When grades are slipping and teens don’t seem to be taking action, it’s easy to react from frustration and helplessness. Under pressure, parents can fall into common traps without realizing it. Doing so unintentionally adds to kids’ anxiety and discouragement, which saps motivation and destabilizes them.

Below are five common traps into which parents fall:

1. Repeating advice that hasn’t worked before, then blaming kids when they get irritated.

“You heard what Mrs. Lang said, you need to stop forgetting to hand things in and start being more responsible… don’t roll your eyes. You just can’t take constructive criticism.”

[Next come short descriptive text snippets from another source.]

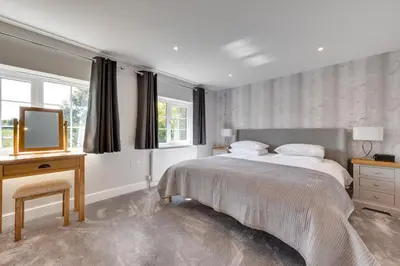 a bedroom with a bed and a desk and a television at 4 Bed in Hacheston oc-hac in Marlesford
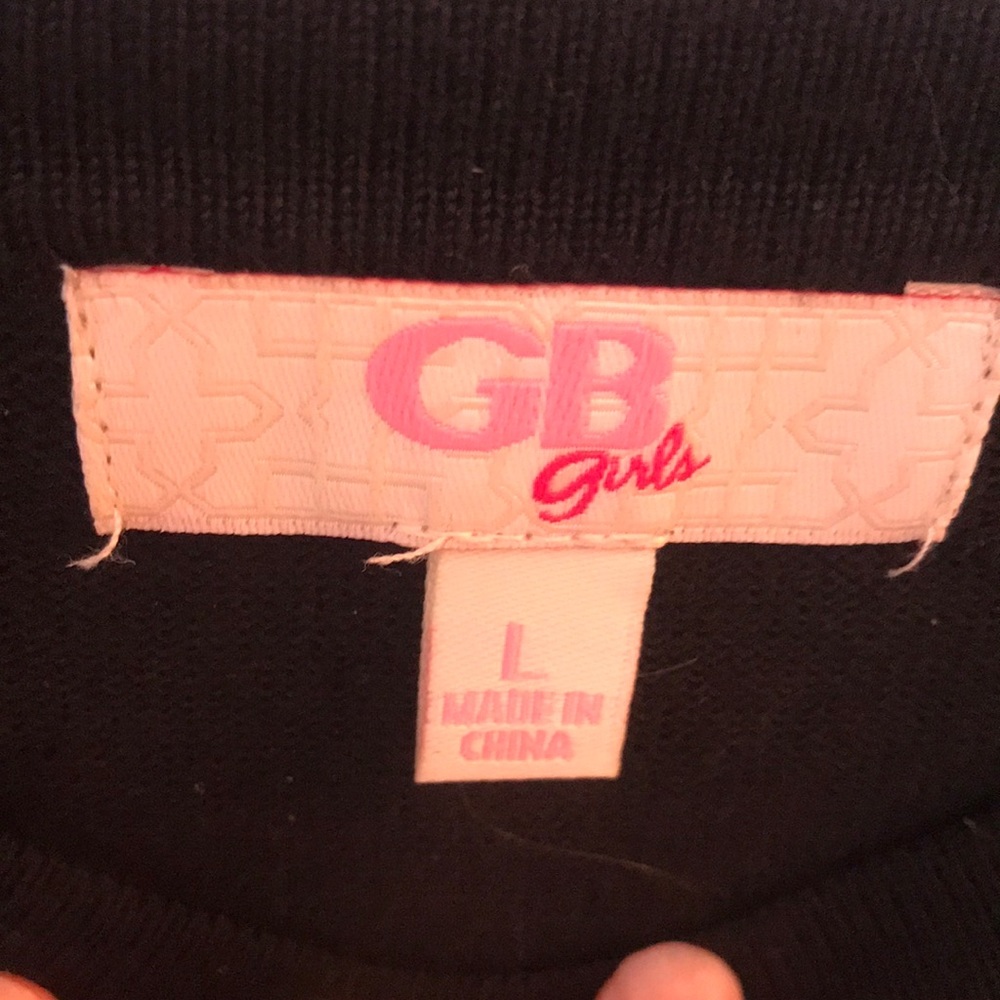A GB black top with white accents on the ruffles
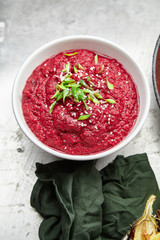 Overhead image of traditional jewish and middle eastern food spicy beetroot dip on metallic background. Israeli cuisine concept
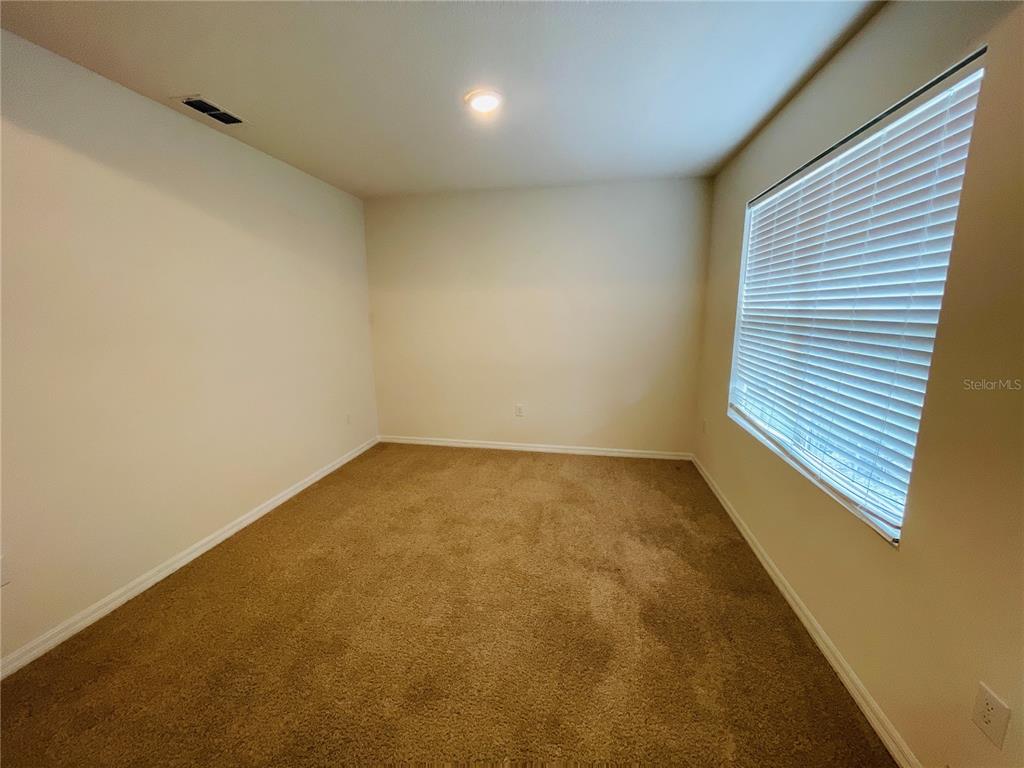 An entryway with tiled flooring leads to a carpeted living area and a hallway beyond — 975 SERCHIO STREET, HAINES CITY, FL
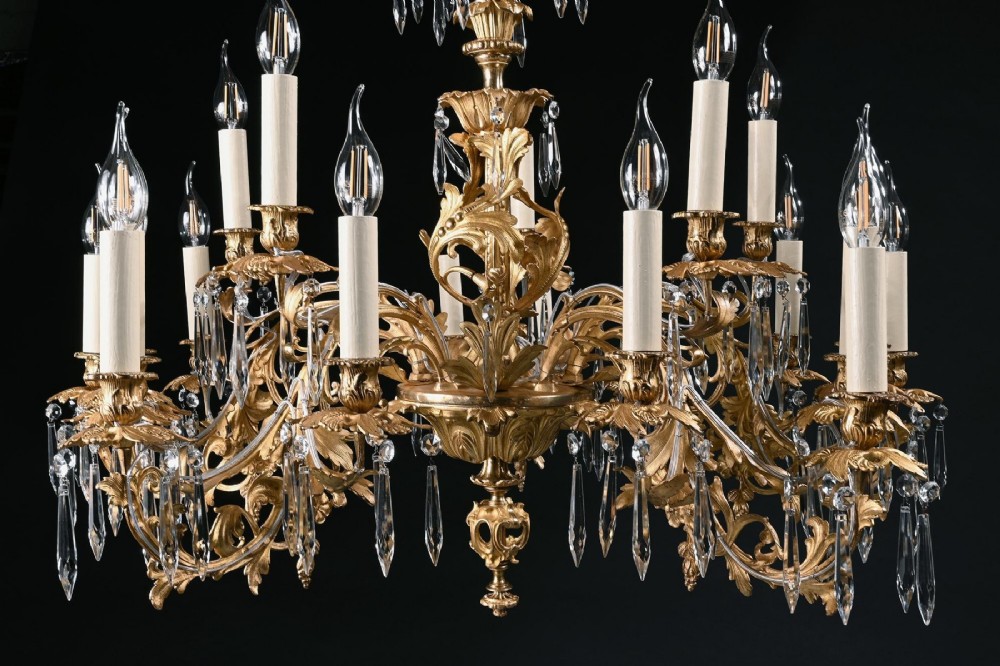 A late nineteenth-century Louis XV style gilt bronze chandelier with twenty-five candle lights across two tiers, embellished with cut glass droplets and ornate scrolling metalwork. View VI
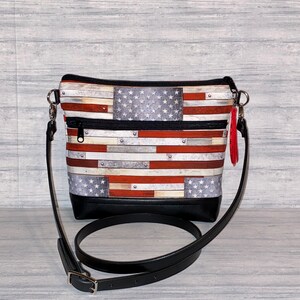 Pu&ograve; includere: Una borsa a tracolla con un design a bandiera americana. La borsa presenta un fondo nero, una tracolla regolabile nera e un nappa rossa. Il design della bandiera incorpora strisce rosse e bianche con un campo blu di stelle bianche.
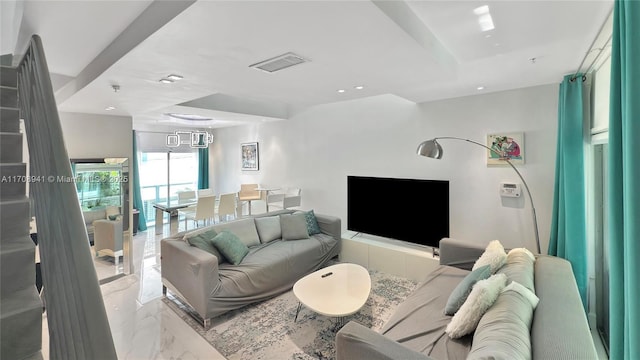 living area featuring marble finish floor, visible vents, and recessed lighting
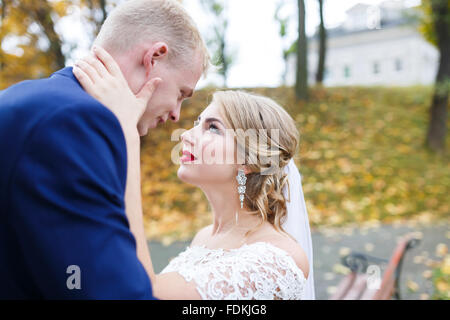 Sposa sposo abbraccia contro lo sfondo di foglie di autunno Foto Stock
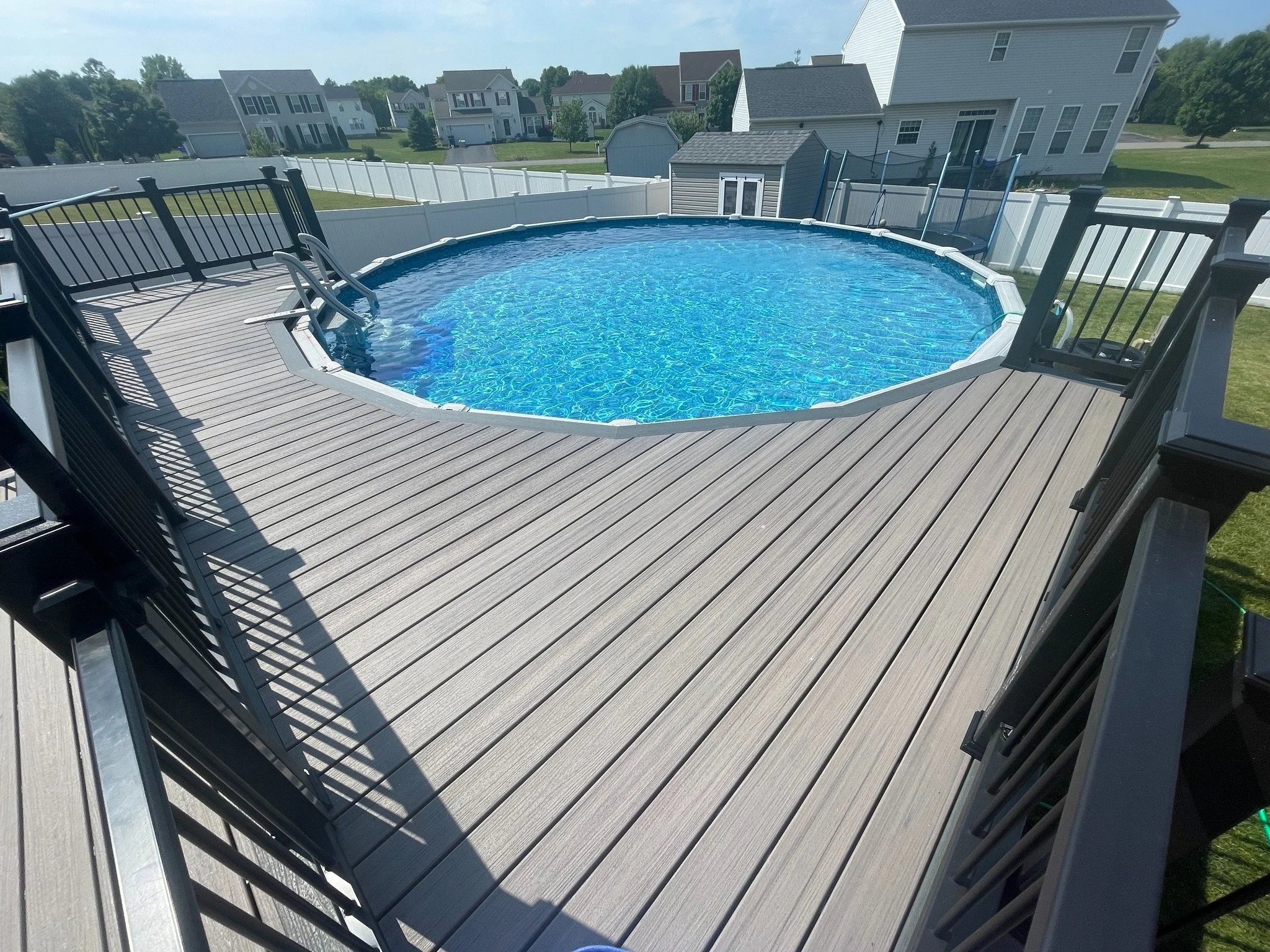 An above-ground swimming pool on a wooden deck in a residential backyard with neighboring houses in the background.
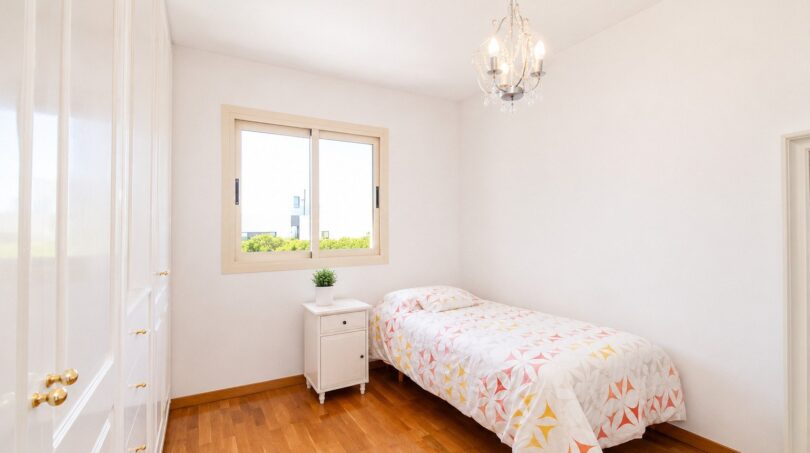Dormitorio luminoso de la villa en Llucmajor con cama individual, suelo de madera, lámpara de araña y ventana con vista al jardín.
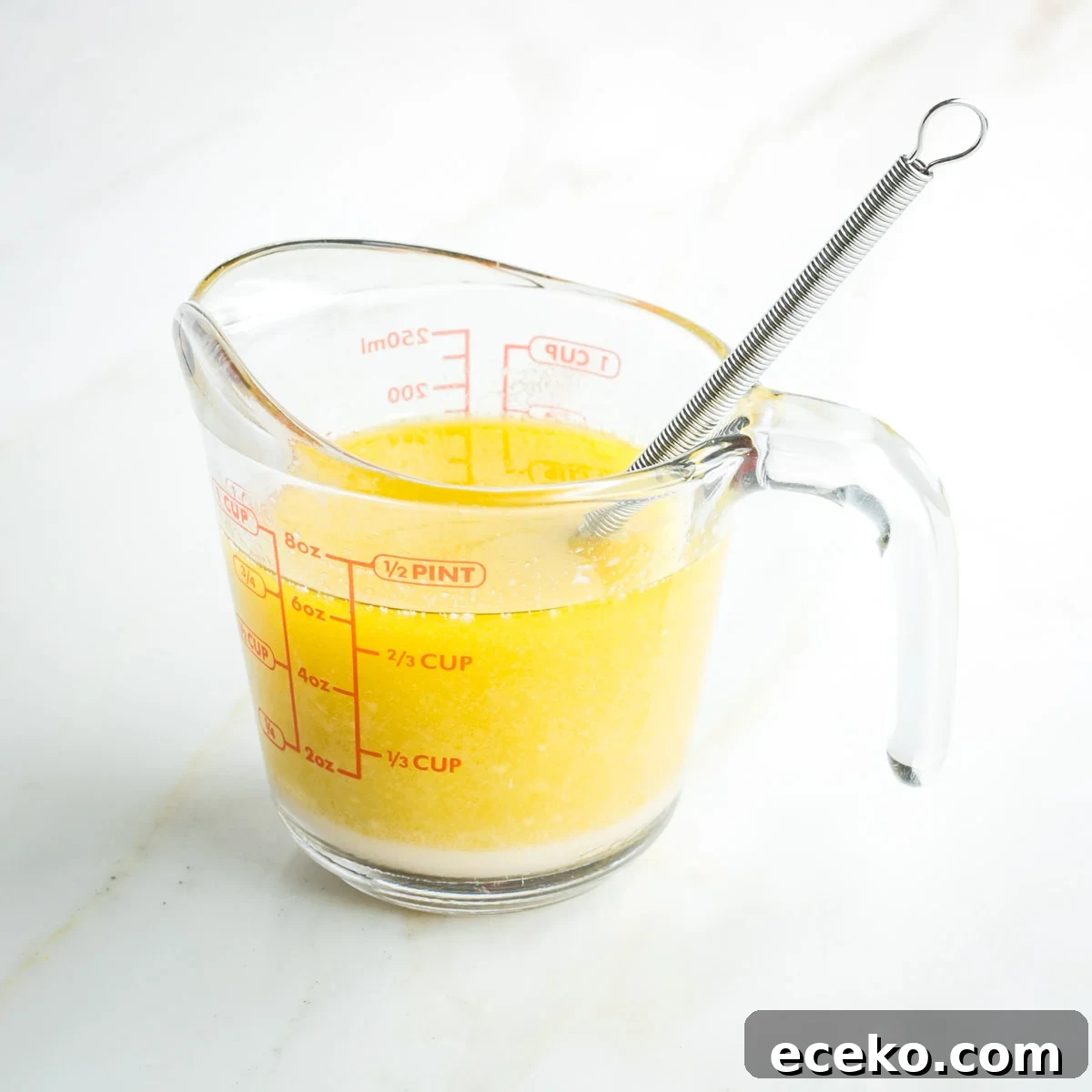 Vegan Apple Pie Bars with Cinnamon Streusel 5 Whisk inside a one cup pyrex measuring cup filled with yellow liquid.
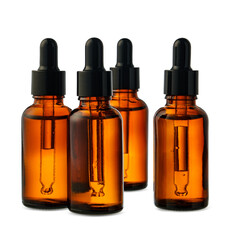 Amber Glass Dropper Bottles With Liquid Against a White Background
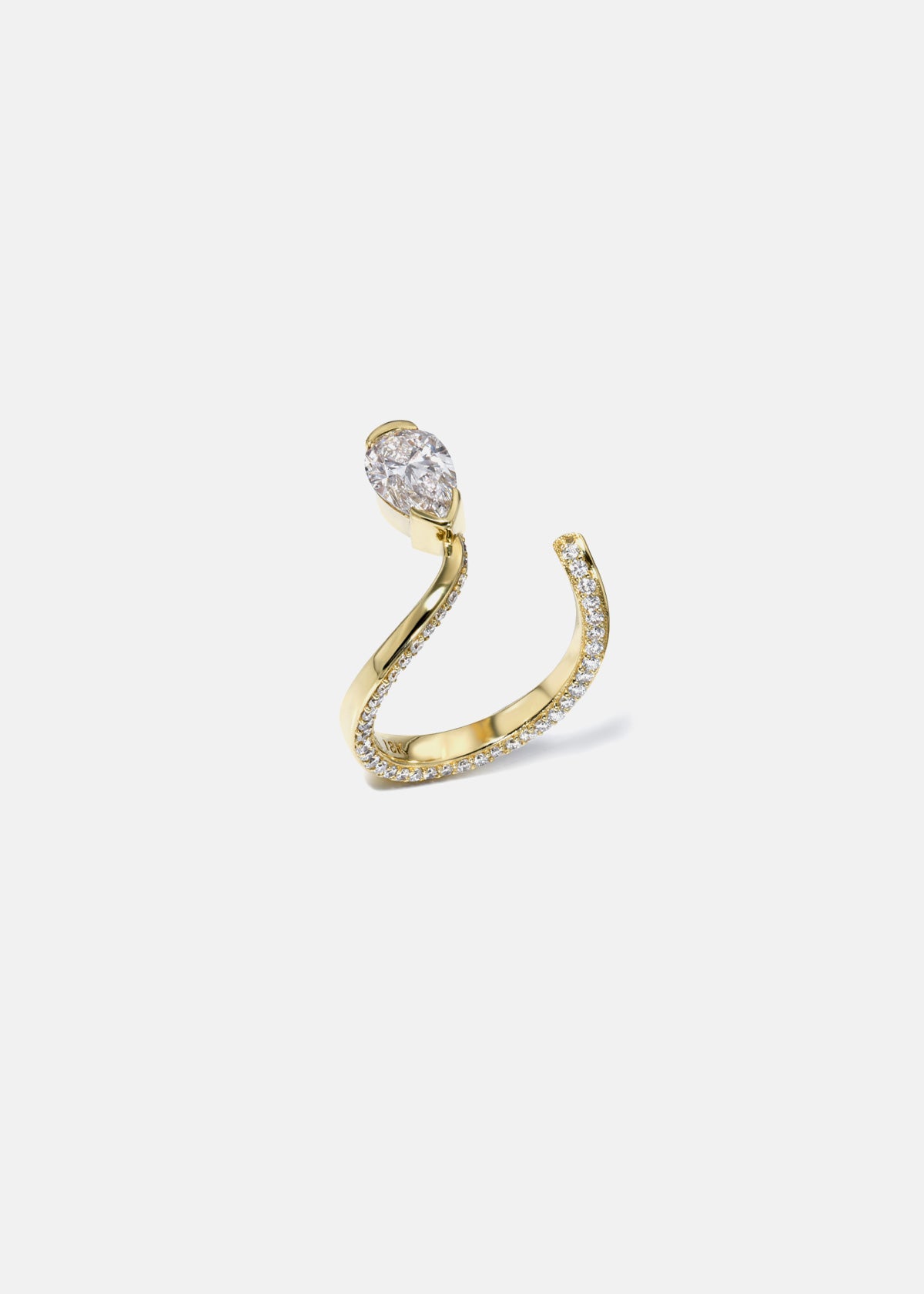 A 18k yellow gold open wrap ring featuring a pear-cut diamond and a pavé diamonds along the band.
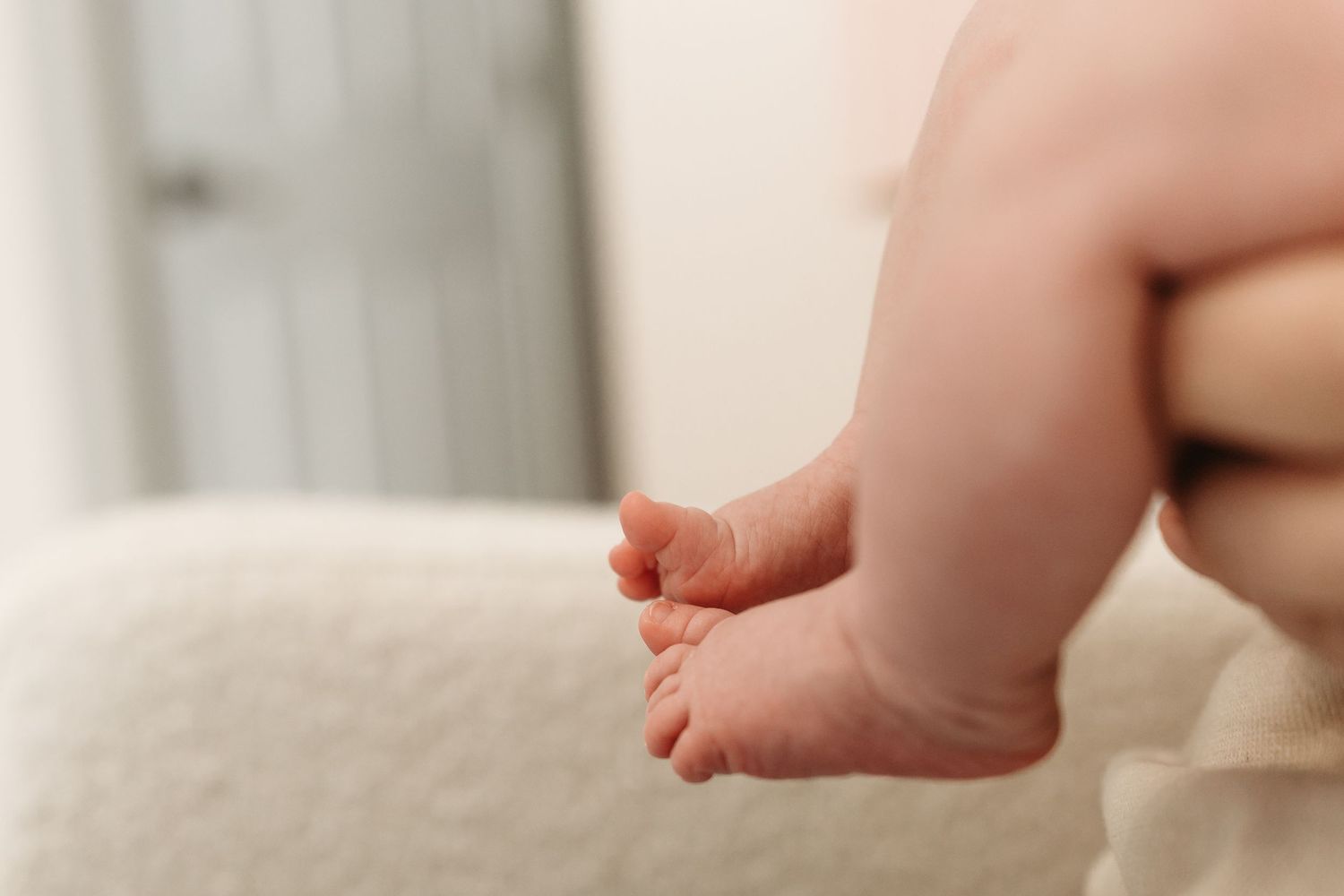 Close-up of a tiny baby foot resting on soft white fabric shows delicate toes and smooth infant skin.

When kids are struggling, they already feel pressured and frustrated with themselves, on top of being worried about disappointing their parents. Repeating advice they’ve heard, and probably know, to “reinforce” the message is futile - like talking louder to someone who doesn’t speak the language. Kids experience being talked at in this way as parents not getting it, “rubbing it in” and pressuring them. Rather than helping, it increases their stress, makes them avoid you and, worst of all, ruptures their sense of you as an ally and source of support.

• Positive parenting alternative:

“That was a tough meeting with Mrs. Lang. I know you’re under a lot of pressure.”; “Having to manage all the demands on you must be overwhelming.”; “You seem stressed. Let’s find a time to think things through and figure out how to make things easier.” This more collaborative approach demonstrates that you understand and care about teens’ feelings, not just their performance and your own agenda - inviting teens to trust and let down their guard.

2. Turning the volume up on emotional intensity, rather than down, during difficult times.

“Casey, if you don’t start caring and get better grades you’re not going to get into college or be somebody. Maybe we’ll pull you out of soccer so you can learn a lesson.”

Making the stakes too high creates fear, which interferes with learning. A mild degree of anxiety is useful for motivation, but too much stress is distracting, turns off executive functions, and puts kids into a reactive survival mode instead of their higher mind. Most kids under pressure who seem not to care actually have excessive underlying anxiety, and unconsciously use avoidance to manage stress and not get overwhelmed.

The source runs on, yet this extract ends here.